Completing the description of the forward model requires the definition of a John transform matrix for tensor tomography, which is treated in greater detail by Nielsen et al. (2023). The John transform is also known as the X-ray transform. The resulting set of matrices P_i together define a transform of a tensor field in three-dimensional space into a tensor field in projection space, with each i indicating a projection direction, similarly to how G_i [equation (7)] describes a transform between detector space and spherical space. This allows us to describe the system of equations to be solved for each projection i as

$[{\bf P}_{i}{\bf{X}}{\bf G}_{i} = {\bf{D}}_{i}, \eqno(8)]$

where D_i is matrix of data measured from a single projection.

3. Methods

3.1. Formalism

In order to improve the rate of convergence of the system in equation (8), we compute a series of weight and preconditioning matrices. Each weight matrix is computed as

$[{\bf W}_{i} = ({\bf P}_{i}{\bf{U}}{\bf G}_{i})^{\circ(-1)},]$

where U is a matrix filled with the value 1 everywhere and A°⁽⁻¹⁾ denotes a relaxed element-wise multiplicative inverse of A,

$[\left[{\bf A}^{\circ(-1)}\right]_{ij} \ = \left\{ \matrix{ A_{ij}^{-1},\hfill & {\rm{if}}\ A_{ij}\,\geq\,\epsilon,\hfill \cr \epsilon^{-1},\hfill & {\rm{otherwise,}}\hfill } \right.]$

for some predefined ε > 0. Similarly, each preconditioning matrix is computed as

$[{\bf C}_{i} = ({\bf P}^{T}_{i}{\bf{V}} {\bf G}^{T}_{i})^{\circ(-1)},]$

where V is a matrix filled with the value 1 everywhere.

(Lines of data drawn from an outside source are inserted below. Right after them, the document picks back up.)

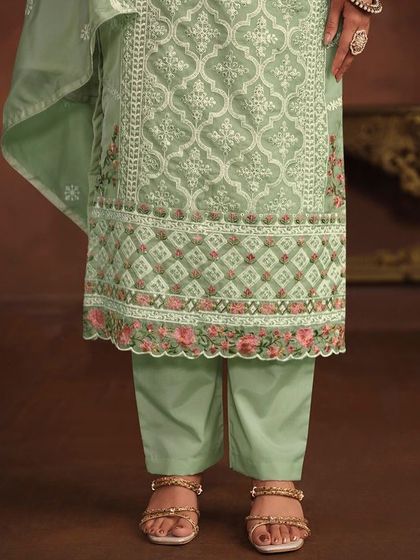 The delicate floral embroidery on the hem of this light green salwar kameez adds a touch of romance and femininity.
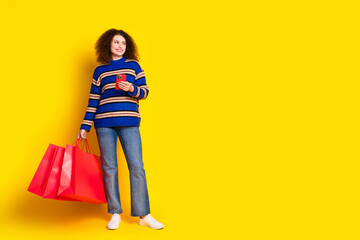 Full length photo of girlish woman wear sweater walk with shopping bags smartphone look empty space isolated on yellow color background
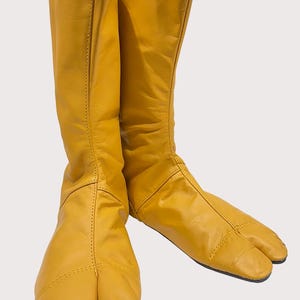 May include: A pair of yellow leather split-toe boots. The boots are tall and have a pointed toe.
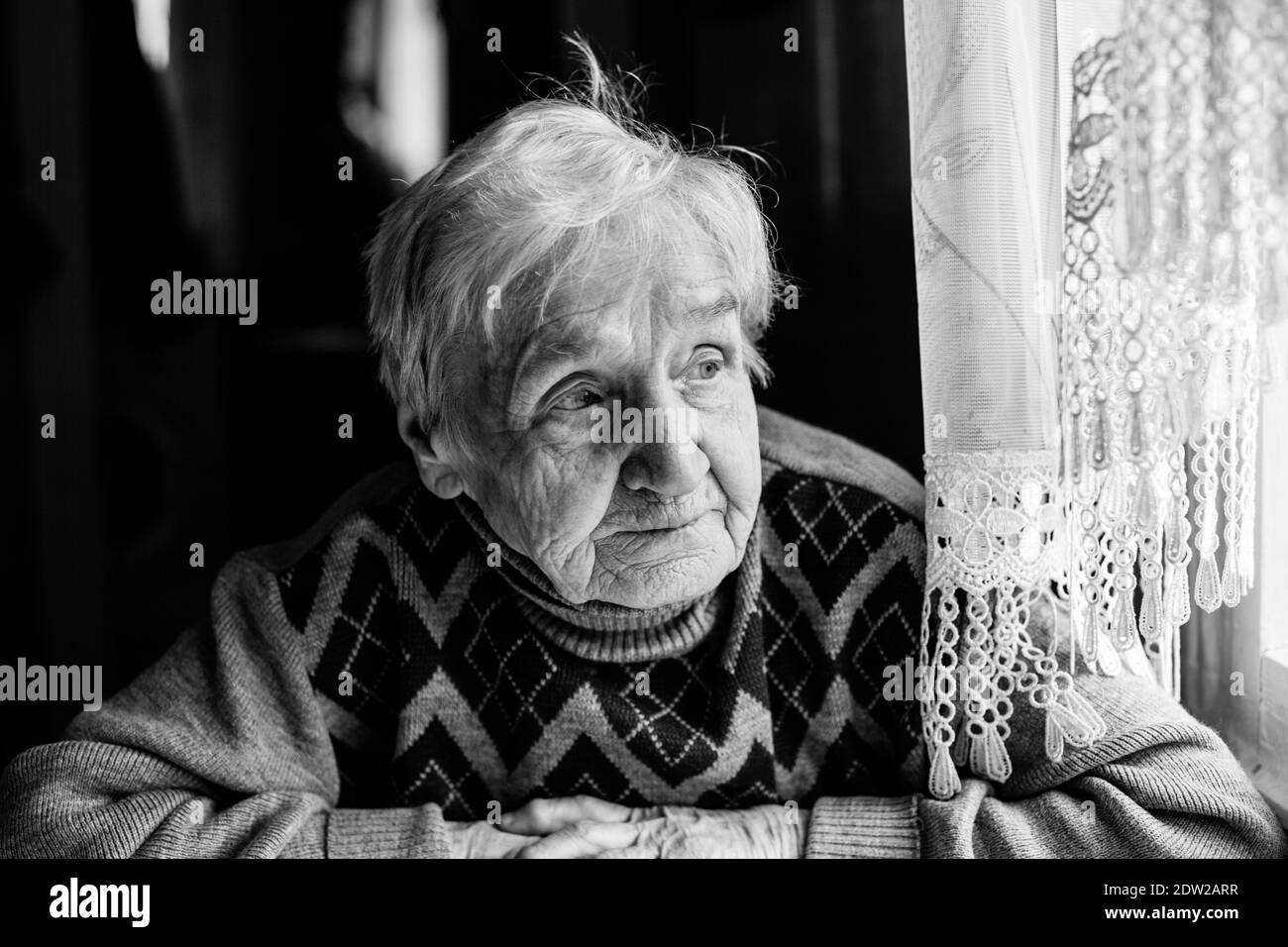 Portrait d'une vieille femme dans sa maison. Photo en noir et blanc. Banque D'Images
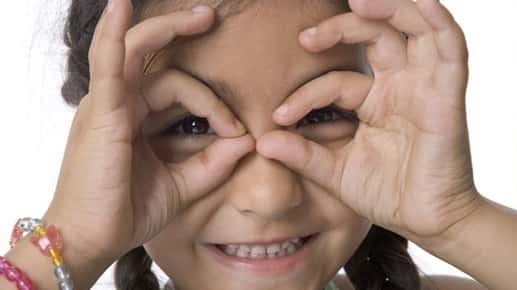 smiling girl with hand glasses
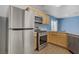 Well-equipped kitchen with stainless steel appliances, light wood cabinets, and light countertops at 9932 Keephills St, Las Vegas, NV 89183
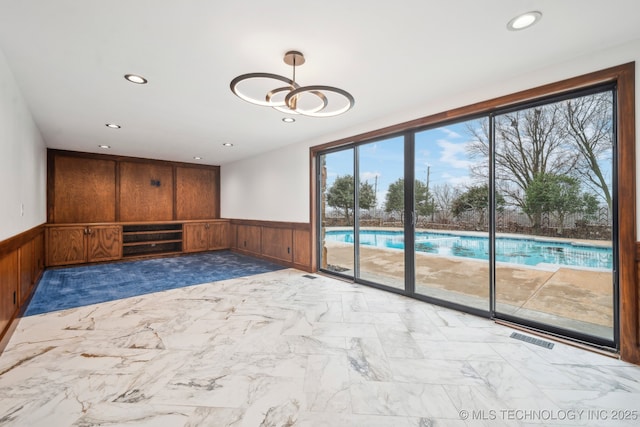 6642 E 60th Pl, Tulsa, OK 74145 - empty room featuring wainscoting, recessed lighting, a chandelier, wood walls, and marble finish floors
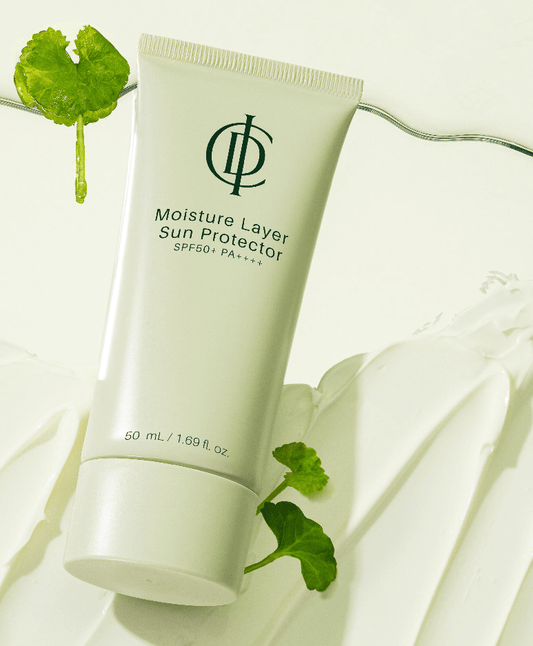 Riman ICD Moisture Layer Sunscreen in a tube with SPF 50+ and hydration benefits on a green background.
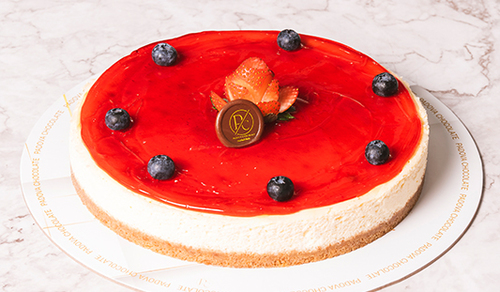 Padova Chocolate - STRAWBERRY CHEESECAKE - A mixture of fresh cream cheese, astroberry sauce and a biscuit layer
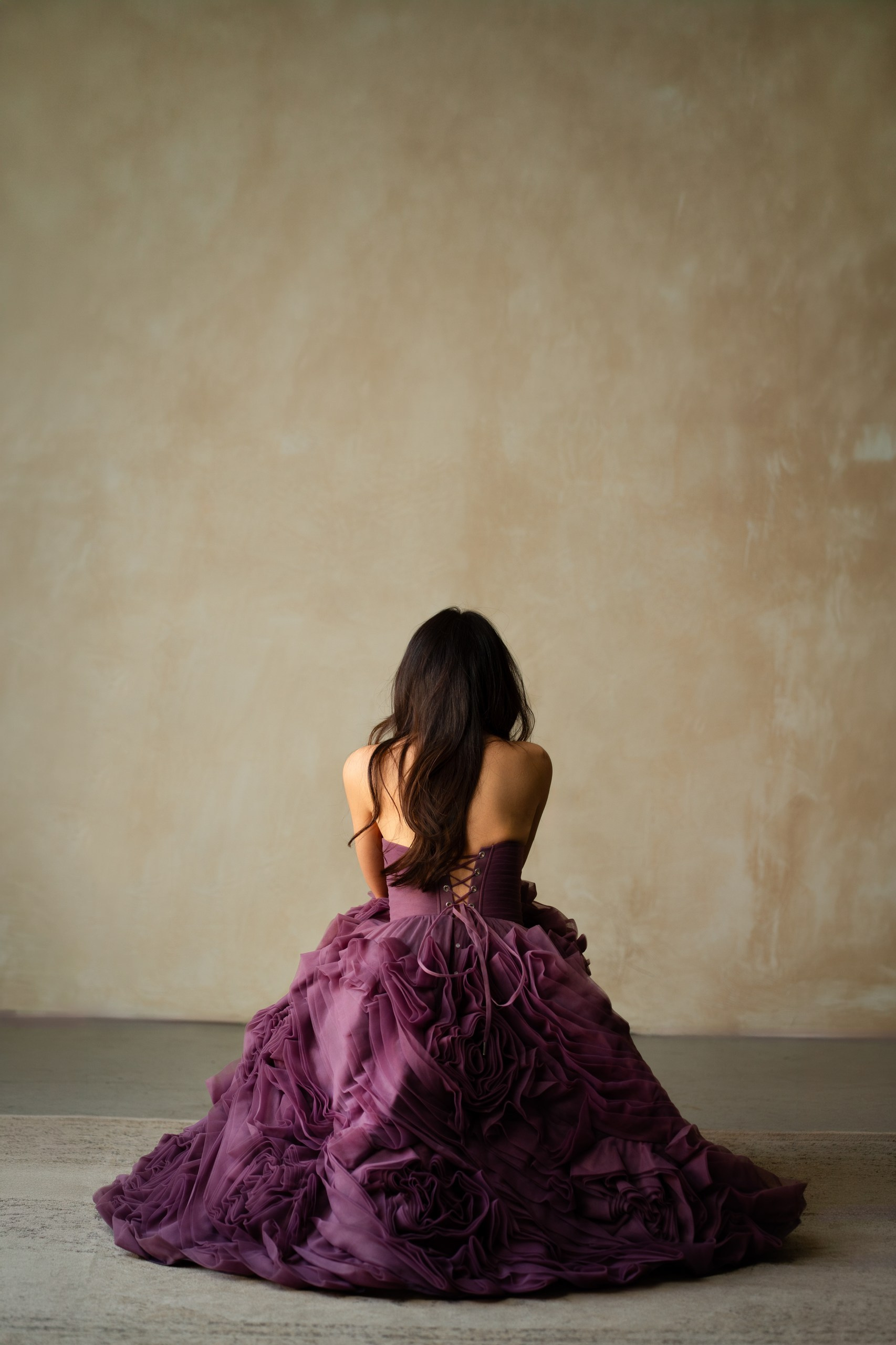 devojka okrenuta leđima u ljubičastoj haljini sedi na podu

We may now write the system to be solved for each projection i as

$[{\bf C}_{i}\odot\left\{{\bf P}^{T}_{i}\left[{\bf W}_{i}\odot\left({\bf P}_{i}{\bf{X}}{\bf G}_{i}\right)\right]\,{\bf G}_{i}^{T}\right\} = {\bf C}_{i}\odot\left[{\bf P}^{T}_{i}\left({\bf W}_{i}\odot{\bf{D}}_{i}\right)\,{\bf G}_{i}^{T}\right],]$

where ⊙ denotes the Hadamard or elementwise product. This is analogous to the weights and preconditioner used in the SIRT algorithm for scalar tomography [see, for example, Gregor & Fessler (2015 )], which was utilized by Schaff et al. (2015) in the separate reconstructions about each virtual axis. This weight and preconditioner pair serves to normalize the gradient by accounting for the number of voxels that contribute to each pixel, and the number of projections that contribute to each voxel. This normalization is done for each detector segment and each RSM basis function, accounting also for the detector-to-sphere mapping of equation (7). This system is then solved through least-squares Nestorov-accelerated gradient descent, subject to coefficient-wise total variation and L₁ norm regularization, optimized in the Huber approximation of each (Huber, 1964 ), using existing implementations in the mumott package (Nielsen et al., 2023, 2024 ). The reconstruction of the full data set took 630 s, and the reconstruction of each partial data set took 380 s, on a workstation using an Nvidia RTX 3060 GPU, an 8-core AMD Ryzen 7 3700X CPU and 64 GB DDR4 2666 MHz RAM.

3.2. Computations

The integral in equation (7) was computed by quadrature utilizing the adaptive Simpson's rule (e.g. Lyness, 1969 ), terminating when the largest change in a matrix element, relative to the largest element in the matrix, fell below 10⁻⁵. Analysis of the orientation (Fig. 8), the Funk–Radon transform [equation (6)] and computation of the scalar quantities in Fig. 7 requires transforming the spherical function representation from a local Gaussian kernel representation to a spherical harmonic representation. This is done by Driscoll–Healy quadrature (Driscoll & Healy, 1994 ), sampling the function by evaluating the representation on a dense curvilinear grid. The mean amplitude, and the relative anisotropy, are defined as in Nielsen et al. (2023), i.e. as the spherical mean and the spherical standard deviation normalized by the mean. These figures of merit are similar to the `symmetric intensity' and `degree of orientation' used by, for example, Bunk et al. (2009). The fiber symmetry factor is given by

$[S({\bf{a}}) = {{ \left({\sum_{\ell\,=\,1} \sum_{m\,=\,-\ell}^{\ell} F[{\bf{a}}]_{\ell}^{m}\,\hat{Y\,}\!_{\ell}^{\,m}(\theta,\phi)} \right)^{1/2} }\over{ \left({\sum_{\ell\,=\,1} \sum_{m\,=\,-\ell}^{\ell} F[{\bf{a}}]_{\ell}^{m}} \right)^{1/2} \left( {\sum_{\ell\,=\,1}\sum_{m\,=\,-\ell}^{\ell}\hat{Y\,}\!_{\ell}^{\,m}(\theta,\phi)} \right)^{1/2} }}, \eqno(9)]$

where $[{\bf{a}}]$ is the spherical harmonic representation of a RSM, F[·] is the Funk–Radon transform, $[\hat{Y\,}\!_{\ell}^{\,m}]$ is a spherical harmonic basis function and (θ, ϕ) is the orientation of the RSM, as given by the minimal eigenvector of its rank-2 tensor representation. This figure of merit evaluates how similar the RSM is to an ideal ring function (which has all of its amplitude at a great circle consisting of the points orthogonal to its orientation). Consequently, it quantifies the extent to which an RSM exhibits the equatorial symmetry expected from diffuse mineral scattering in bone.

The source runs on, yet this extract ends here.